*** Opening of Given records ***
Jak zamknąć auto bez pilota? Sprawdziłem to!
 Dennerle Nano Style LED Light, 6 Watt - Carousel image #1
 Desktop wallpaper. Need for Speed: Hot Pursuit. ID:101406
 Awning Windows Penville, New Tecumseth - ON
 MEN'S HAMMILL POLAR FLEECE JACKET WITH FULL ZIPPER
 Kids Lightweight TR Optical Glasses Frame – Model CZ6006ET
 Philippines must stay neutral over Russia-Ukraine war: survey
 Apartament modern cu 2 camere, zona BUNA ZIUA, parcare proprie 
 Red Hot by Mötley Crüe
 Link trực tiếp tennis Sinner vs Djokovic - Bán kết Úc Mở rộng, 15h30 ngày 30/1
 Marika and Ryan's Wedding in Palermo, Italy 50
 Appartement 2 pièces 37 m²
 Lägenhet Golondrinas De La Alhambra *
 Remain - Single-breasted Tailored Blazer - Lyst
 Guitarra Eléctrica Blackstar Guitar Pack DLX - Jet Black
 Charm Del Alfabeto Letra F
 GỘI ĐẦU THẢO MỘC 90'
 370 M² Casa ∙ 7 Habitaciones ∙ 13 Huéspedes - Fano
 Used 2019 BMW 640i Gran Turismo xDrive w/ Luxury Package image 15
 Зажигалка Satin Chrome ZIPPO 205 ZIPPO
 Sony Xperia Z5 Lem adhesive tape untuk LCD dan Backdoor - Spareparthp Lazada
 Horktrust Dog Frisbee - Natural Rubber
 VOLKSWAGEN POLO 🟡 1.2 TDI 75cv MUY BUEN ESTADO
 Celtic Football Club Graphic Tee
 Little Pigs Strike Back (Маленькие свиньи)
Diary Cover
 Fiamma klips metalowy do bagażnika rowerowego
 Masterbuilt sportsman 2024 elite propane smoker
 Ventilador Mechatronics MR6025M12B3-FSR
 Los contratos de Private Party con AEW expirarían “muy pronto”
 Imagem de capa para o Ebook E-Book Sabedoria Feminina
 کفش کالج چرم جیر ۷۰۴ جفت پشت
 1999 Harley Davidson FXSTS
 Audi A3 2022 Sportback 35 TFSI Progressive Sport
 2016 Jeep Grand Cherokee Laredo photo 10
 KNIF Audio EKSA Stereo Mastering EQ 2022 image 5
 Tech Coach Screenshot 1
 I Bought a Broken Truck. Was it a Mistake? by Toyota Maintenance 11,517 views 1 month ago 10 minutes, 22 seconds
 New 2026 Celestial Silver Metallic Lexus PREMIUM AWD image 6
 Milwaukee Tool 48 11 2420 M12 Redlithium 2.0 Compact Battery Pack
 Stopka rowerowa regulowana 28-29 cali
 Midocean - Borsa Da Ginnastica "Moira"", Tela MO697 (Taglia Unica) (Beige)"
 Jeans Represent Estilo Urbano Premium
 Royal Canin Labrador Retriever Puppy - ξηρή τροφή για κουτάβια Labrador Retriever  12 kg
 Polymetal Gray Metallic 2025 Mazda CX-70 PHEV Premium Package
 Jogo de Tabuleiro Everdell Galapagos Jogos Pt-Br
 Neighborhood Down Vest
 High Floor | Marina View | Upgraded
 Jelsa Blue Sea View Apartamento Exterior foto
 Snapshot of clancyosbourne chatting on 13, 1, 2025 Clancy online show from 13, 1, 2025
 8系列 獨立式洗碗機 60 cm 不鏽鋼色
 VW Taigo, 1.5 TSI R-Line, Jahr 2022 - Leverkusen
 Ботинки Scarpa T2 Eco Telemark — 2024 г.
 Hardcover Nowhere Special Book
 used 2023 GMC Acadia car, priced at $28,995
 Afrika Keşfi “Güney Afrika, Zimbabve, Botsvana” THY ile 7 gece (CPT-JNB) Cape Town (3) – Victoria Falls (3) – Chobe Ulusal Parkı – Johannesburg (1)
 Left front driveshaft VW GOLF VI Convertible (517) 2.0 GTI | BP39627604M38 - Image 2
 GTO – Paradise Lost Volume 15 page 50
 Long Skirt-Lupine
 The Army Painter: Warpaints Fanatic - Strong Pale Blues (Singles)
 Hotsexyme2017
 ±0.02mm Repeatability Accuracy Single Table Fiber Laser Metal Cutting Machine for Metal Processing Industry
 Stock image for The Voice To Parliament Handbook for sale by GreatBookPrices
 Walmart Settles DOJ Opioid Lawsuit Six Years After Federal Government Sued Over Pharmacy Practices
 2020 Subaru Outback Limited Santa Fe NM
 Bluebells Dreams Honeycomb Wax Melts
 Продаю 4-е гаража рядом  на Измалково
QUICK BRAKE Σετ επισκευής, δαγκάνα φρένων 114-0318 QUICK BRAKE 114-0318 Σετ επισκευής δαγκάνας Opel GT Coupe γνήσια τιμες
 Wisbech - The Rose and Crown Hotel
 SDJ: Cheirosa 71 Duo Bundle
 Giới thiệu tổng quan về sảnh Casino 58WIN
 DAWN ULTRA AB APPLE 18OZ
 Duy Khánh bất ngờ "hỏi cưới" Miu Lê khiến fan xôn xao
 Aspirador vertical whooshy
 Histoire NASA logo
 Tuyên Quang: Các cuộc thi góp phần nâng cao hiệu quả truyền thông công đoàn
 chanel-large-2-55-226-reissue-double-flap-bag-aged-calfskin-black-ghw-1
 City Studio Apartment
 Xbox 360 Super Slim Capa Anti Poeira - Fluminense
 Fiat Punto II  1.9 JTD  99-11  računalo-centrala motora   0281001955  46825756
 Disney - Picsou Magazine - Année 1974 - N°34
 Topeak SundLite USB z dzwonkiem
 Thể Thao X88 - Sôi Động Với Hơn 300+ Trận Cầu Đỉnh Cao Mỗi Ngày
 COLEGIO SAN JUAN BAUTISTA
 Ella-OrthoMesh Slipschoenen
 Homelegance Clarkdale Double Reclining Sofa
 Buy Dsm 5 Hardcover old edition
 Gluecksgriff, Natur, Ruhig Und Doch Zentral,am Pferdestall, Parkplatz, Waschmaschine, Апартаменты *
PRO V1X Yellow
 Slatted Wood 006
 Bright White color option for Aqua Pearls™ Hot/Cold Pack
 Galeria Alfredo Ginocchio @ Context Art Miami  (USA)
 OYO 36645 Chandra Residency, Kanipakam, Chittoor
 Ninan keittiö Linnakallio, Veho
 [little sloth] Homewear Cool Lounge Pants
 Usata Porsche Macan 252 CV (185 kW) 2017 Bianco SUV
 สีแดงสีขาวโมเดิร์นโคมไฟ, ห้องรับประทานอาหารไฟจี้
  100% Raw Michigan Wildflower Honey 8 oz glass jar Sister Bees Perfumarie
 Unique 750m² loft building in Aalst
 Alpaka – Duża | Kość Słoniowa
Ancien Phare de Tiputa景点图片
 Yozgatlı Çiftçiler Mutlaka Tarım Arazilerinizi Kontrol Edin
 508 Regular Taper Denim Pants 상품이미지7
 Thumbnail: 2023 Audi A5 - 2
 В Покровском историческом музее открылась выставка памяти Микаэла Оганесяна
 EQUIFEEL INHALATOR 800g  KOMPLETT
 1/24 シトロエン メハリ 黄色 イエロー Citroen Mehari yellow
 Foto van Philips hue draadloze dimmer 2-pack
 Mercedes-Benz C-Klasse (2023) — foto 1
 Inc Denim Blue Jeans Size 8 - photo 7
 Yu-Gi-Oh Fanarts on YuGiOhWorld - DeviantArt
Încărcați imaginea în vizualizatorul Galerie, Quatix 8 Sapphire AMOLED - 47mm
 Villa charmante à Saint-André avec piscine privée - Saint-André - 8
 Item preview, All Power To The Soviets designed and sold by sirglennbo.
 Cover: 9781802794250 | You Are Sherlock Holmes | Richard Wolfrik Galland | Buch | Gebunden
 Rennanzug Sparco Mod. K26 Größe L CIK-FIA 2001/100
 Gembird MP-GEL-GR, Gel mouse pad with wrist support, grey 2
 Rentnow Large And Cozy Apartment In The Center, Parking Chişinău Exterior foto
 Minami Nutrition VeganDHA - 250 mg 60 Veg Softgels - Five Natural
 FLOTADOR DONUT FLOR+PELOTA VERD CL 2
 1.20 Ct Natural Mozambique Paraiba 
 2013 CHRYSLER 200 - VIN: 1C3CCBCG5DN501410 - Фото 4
*** Close of Given records ***
— Task goal —
What lines of the material above hold the string "Denim"? Please copy them.

— Answer space —
 508 Regular Taper Denim Pants 상품이미지7
 Inc Denim Blue Jeans Size 8 - photo 7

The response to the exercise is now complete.